= Belmond Andean Explorer =

South American luxury sleeper train

The Belmond Andean Explorer, launched in May 2017, is South America's first luxury sleeper train. It replaced the eponymous Pullman day train which ran between Cusco and Puno, on Lake Titicaca. With the new train, this trip is converted to a one-night journey, and extended from Puno for another overnight ride to Arequipa in southern Peru.

From Cusco the train climbs to 4800 m on the Altiplano, before arriving at Lake Titicaca to pause for excursions to the lake's floating islands. It then continues to Arequipa, a city with a UNESCO World Heritage Site centre, stopping en route at Sumbay Caves. It is possible to add on a visit to the Colca Canyon, known for its condors.

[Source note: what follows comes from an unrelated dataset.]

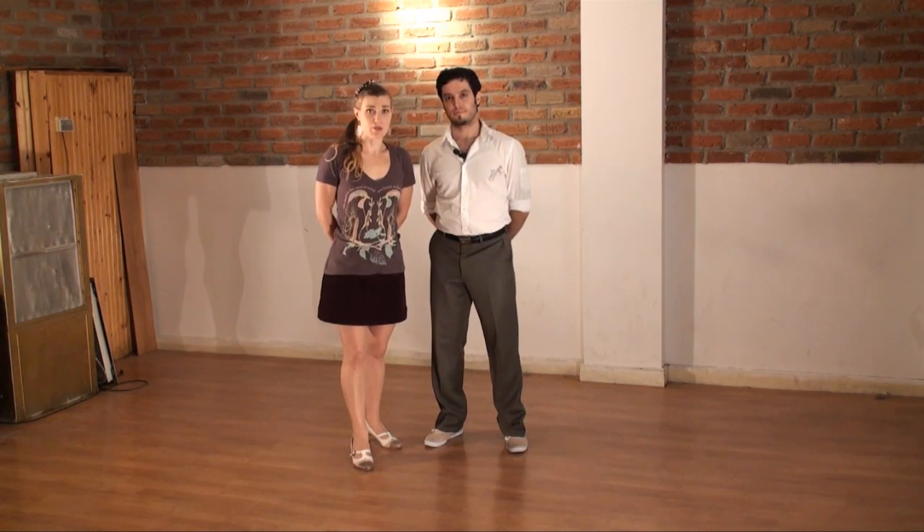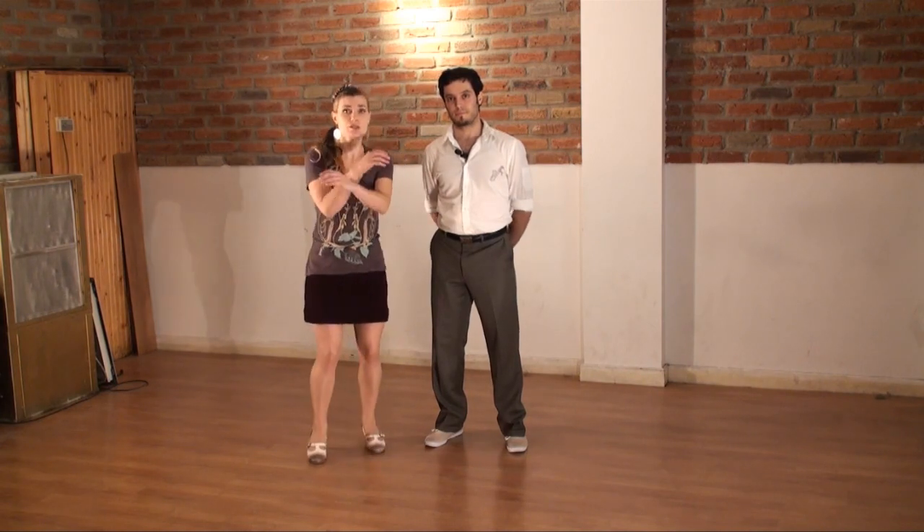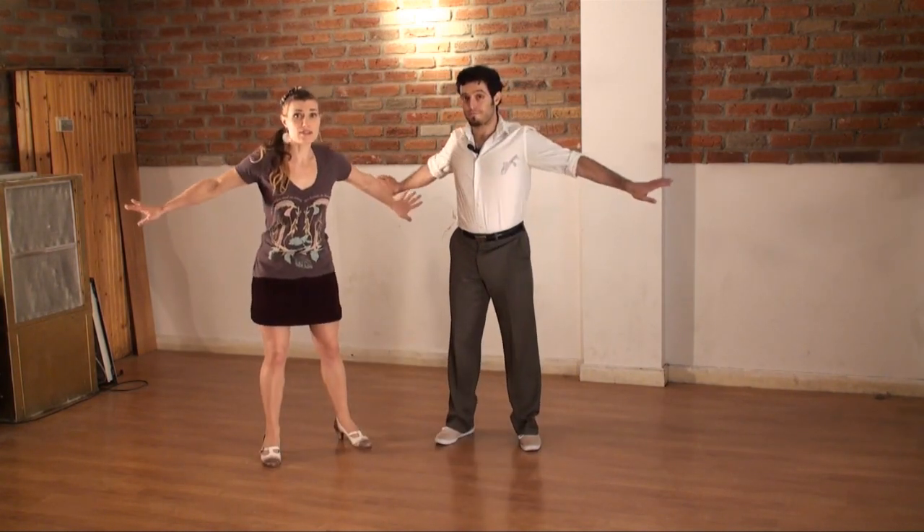So we're going to start with three eighths of shouts. On your shouts, what you want to do is you want to start opening up, go down, and then in.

The trainset used to serve as the Great South Pacific Express in Australia between 1999 and 2003. The since-mothballed carriages were shipped to Peru in February 2016, where they were refurbished. The three accommodation levels of the GSPE with double, twin and bunk beds, all of them with en-suite bathrooms, have been kept, as well as the two dining and bar cars, and the last car having an open-air observation deck.

Belmond Andean Explorer is owned by PeruRail, and is a 50%/50% joint venture between Belmond and Peruvian investor Lorenzo Sousa Debarbieri, founder and chairman of the board of PeruRail SA. It is operated by PeruRail, which also operates the Hiram Bingham Pullman train running from Cusco to Machu Picchu.

==Belmond Andean Explorer cars==

| Car Number | Car Name | Type of Car | Eponyms |
|---|---|---|---|
| 1825 | Kiwicha | Sleeping car | Species of Flowering Plant (Quechua) |
| 1826 | Totora | Sleeping car | Giant Bulrush Sedge (Quechua) |
| 1830 | Ichu | Observation car | Peruvian feathergrass (Quechua) |
| 1831 | Coca | Sleeping car | Coca |
| 1832 | ...... | Baggage and power car | ...... |
| 1834 | Capuli | Sleeping car | Species of Fruit Tree (Aztec) |
| 1836 | ...... | Kitchen car | ...... |
| 1838 | Llama | Dining car and train shop | Llama |
| 1839 | Maca | Piano bar car | Type of Root Vegetable (Quechua) |
| 1841 | Tara | Sleeping car | Species of Small Tree (Quechua) |
| 1843 | Tola | Sleeping car | Species of Shrub (Quechua) |
| 1847 | Chilca | Sleeping car | Baccharis genistelloides, Dye-Plant (Quechua) |
| 1850 | Picaflor | Spa car | Hummingbird (Spanish) |
| 1852 | Muña | Dining car | Love; also An Andean Mint Plant (Quechua) |
| 1853 | ...... | Crew car | ...... |
| 1854 | ...... | Crew car | ...... |
| 1858 | Molle | Sleeping car | Peruvian Pepper Tree (Quechua) |
| 1859 | Yareta | Sleeping car | Slow Growing Flowering Plant (Quechua) |

(Belmond Andean Explorer cars retained their original Australian numbers. However, Southern Peru-related car names were added.)